The batteries to permit cars 40 miles of all-electric range ARE now in early production. General Motors has staked a lot of public prestige on introduction of a plug-in hybrid version of its Vue Two-Mode Hybrid, probably for the 2011 model year.

Moreoever, it's building "E-Flex" architecture into its next global small-car platform to permit a variety of motive power & energy storage means depending on market, fuel and geographic preference.

This is now fairly off-topic, but feel free to contact me if you want more info. Peter Frank can put you in touch ....

"Perhaps the ultimate answer is that we shouldn't try to develop cars that go 200 miles, we should stop going 200 miles at the drop of a hat."

I drive to work because there's no efficient public transportation in the United States unless you live in NYC or DC. And even then it pales in comparison to London's public transporation system.

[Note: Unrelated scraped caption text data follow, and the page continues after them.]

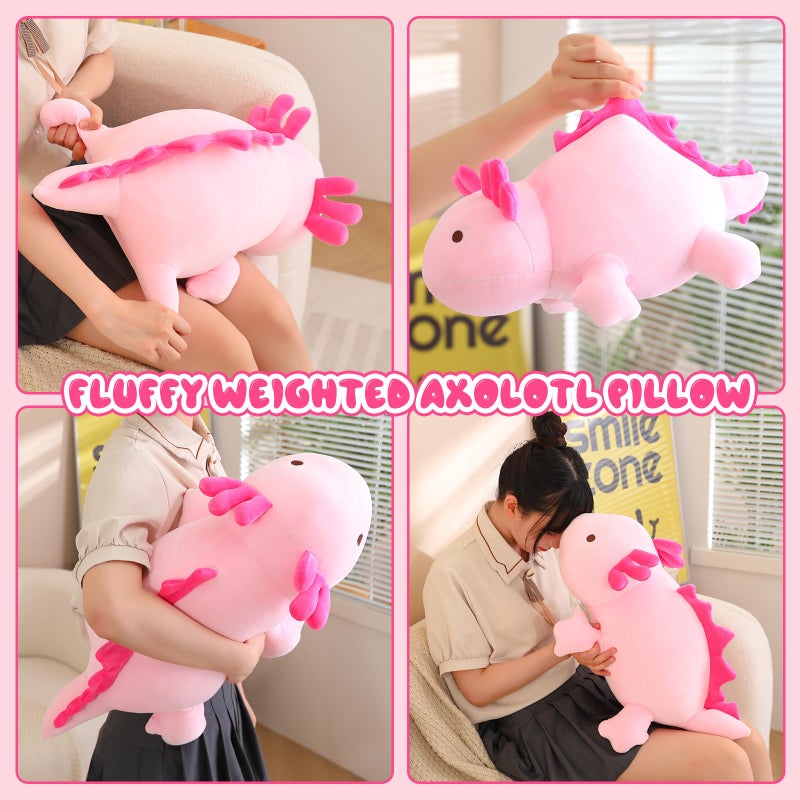 SQEQE Weighted Axolotl Plush Toy, Pink Axolotl Stuffed Animals Cute Plush Pillow, Cute Weighted Stuffed Animals Gifts for Girls & Boys Pink 13.8 Inch, 1.6 Lbs - Image 5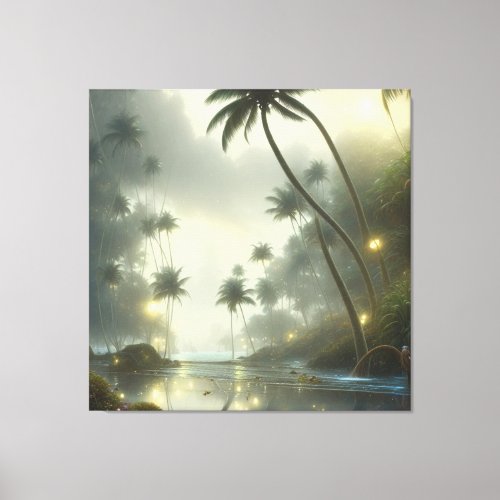 Palm Trees and Ocean Foggy Day Canvas Print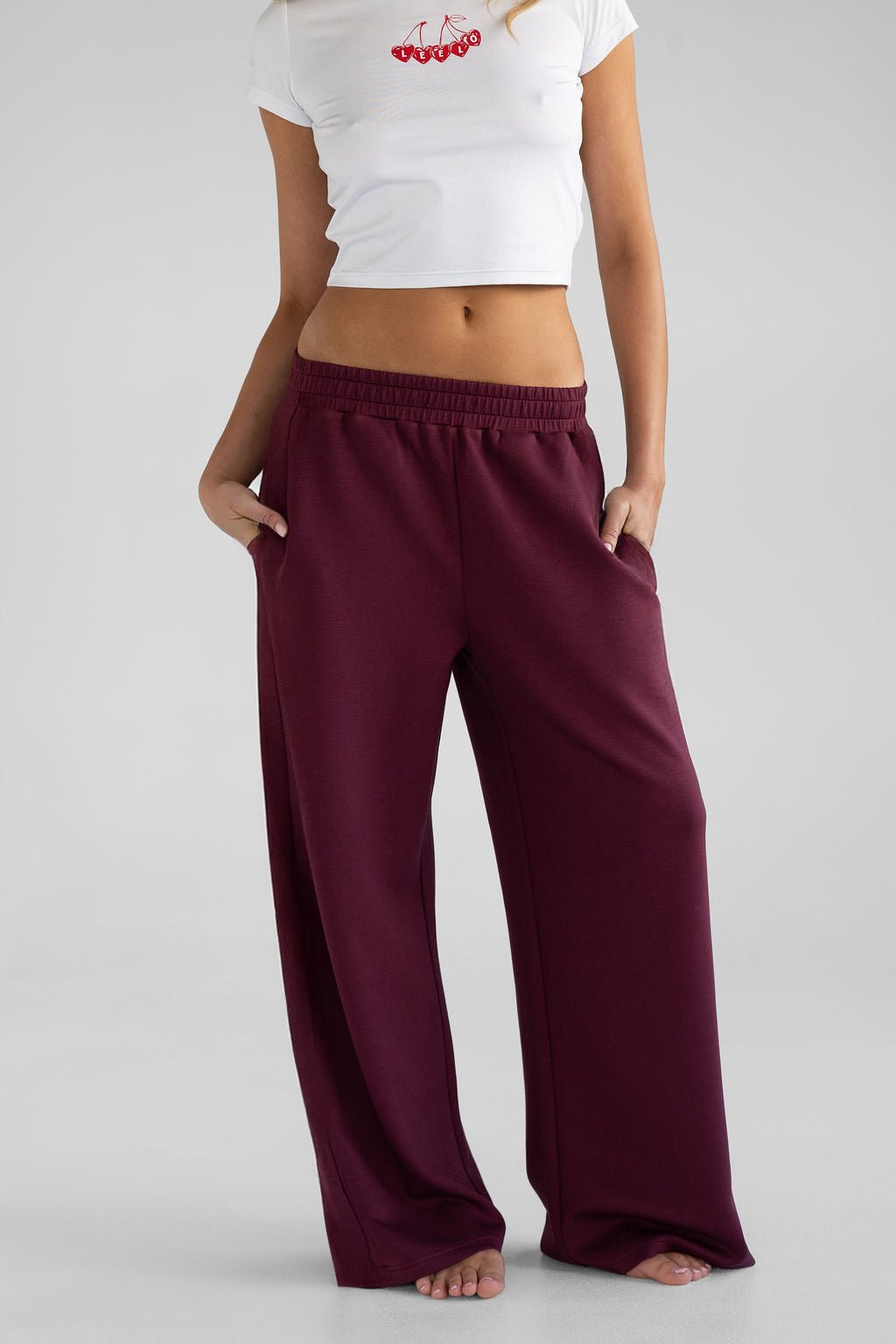 Wide Leg Pants - Cherry Cola - LEELO ACTIVE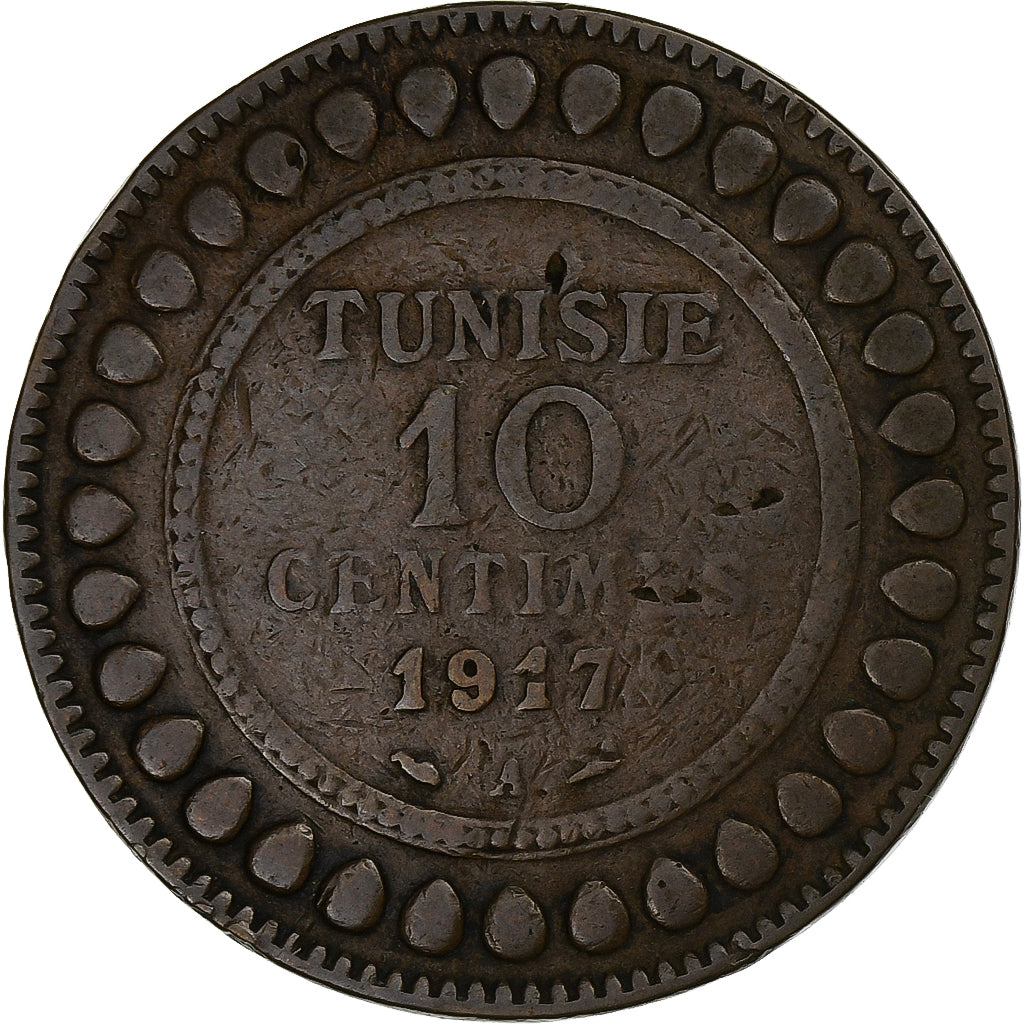 Tunisia, Muhammad al-Nasir Bey, 10 Centimes, 1917, Brązowy, VF(30-35), KM:236
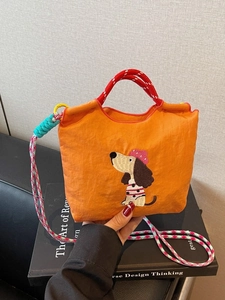 Women Fashion Cartoon Dachshund Embroidered Crossbody Bag Small Fabric Shoulder Handbag With Colorful Woven Rope Strap Travel Purse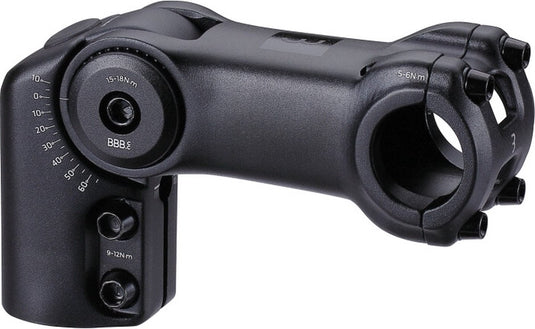 Bbb cycling stuurpen verstelbaar 100mm - verstelbare stuurpen racefiets, e-bike mtb - 25.4mm stuurpenverlenger - -40° +60° hoek - highfix - zwart - bhs-34
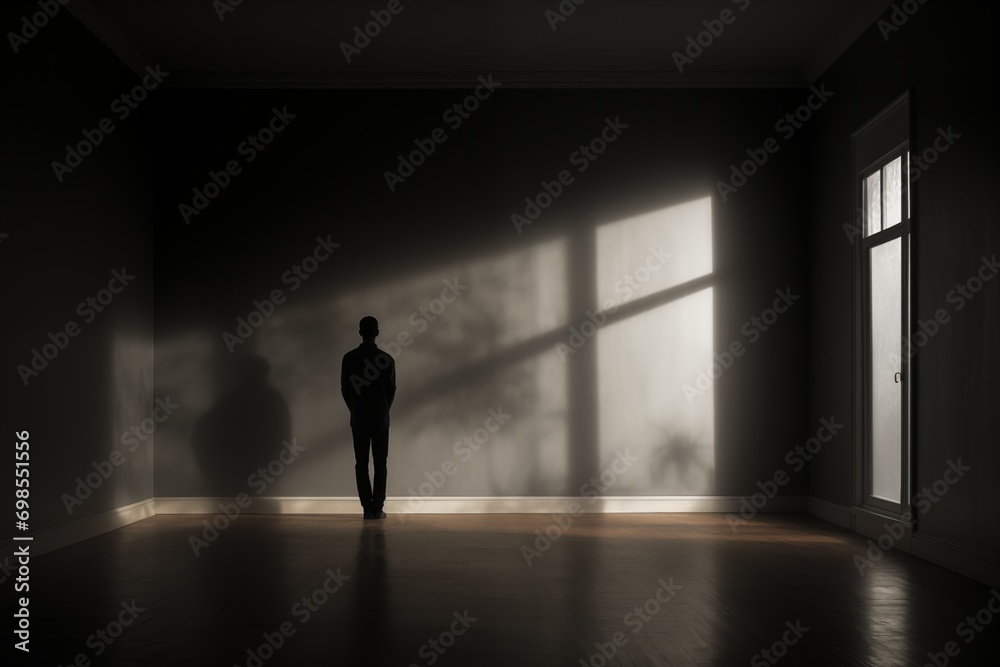 The silhouette of a lonely man in an empty dark room. The silhouette of a lonely man in an empty dark room.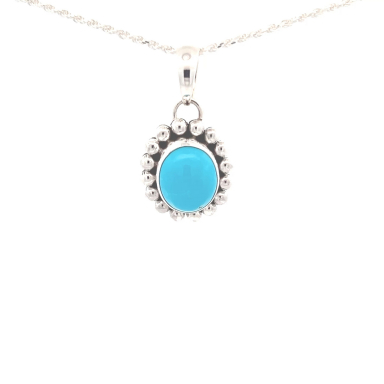 Artie Yellowhorse Genuine Sleeping Beauty Turquoise Sterling Silver Pendant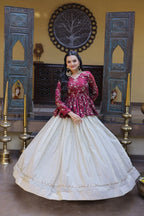 Stylish Magenta Pink Floral Peplum Kurti with Flowy Cream Lehenga - Traditional Outfit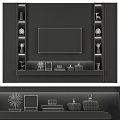 Modern TV background wall TV background wall 3d model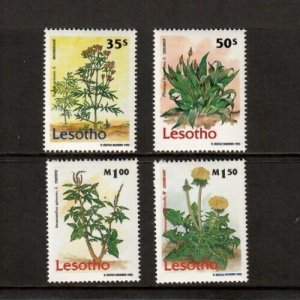 Lesotho 1995 - Medical Flowers - Set Of 4 Stamps - Scott #1021-4 - MNH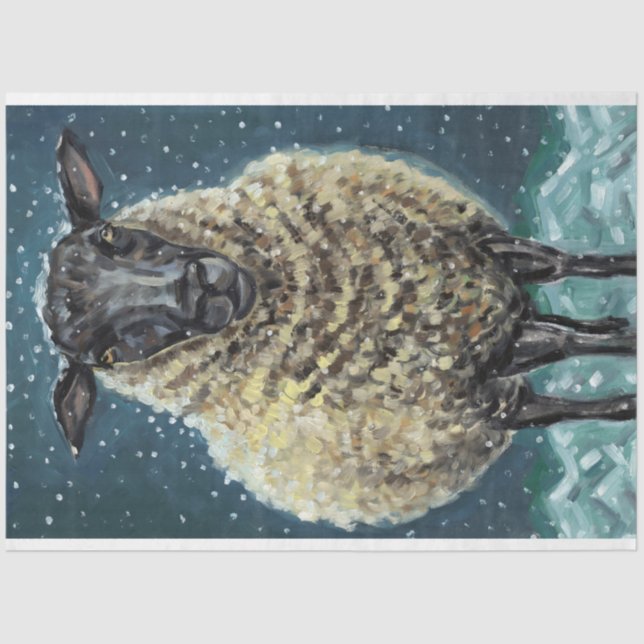 Mousseline Papier Tissu Sheep d'hiver (Recto)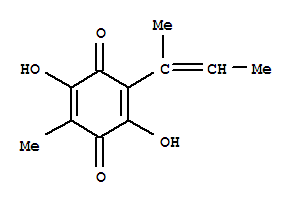 (9ci)-2,5-二羥基-3-甲基-6-(1-甲基-1-丙烯基)-2,5-環(huán)己二烯-1,4-二酮結(jié)構(gòu)式_2654-69-5結(jié)構(gòu)式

Perhaps if I lived in the UK or Europe I wouldn't have to drive 200 miles at the drop of a hat, but that's probably what I drive in a usual week just to work and back. I wish it wasn't so, but it is. I wish that there was light rail, I'd take it in a heartbeat, but there isn't. From what I've seen, the majority of Americans live in places where public transporatation is an impossibility and unless they come up with some way to work from home, they *have* to drive a car to get where they're going.

My point was, why can't we come up with something else? Why all the naysayers? Why is there this insistance that we be tied to gasoline, that anything else, any other alternative is just simply impossible to achieve. If humanity had had such a mindset throughout history, we'd still be living in thatched huts huddled around campfires.

There's all kinds of "free" energy we could exploit, solar, magnetic, etc. if only someone would bother funding research into using it for practical purposes.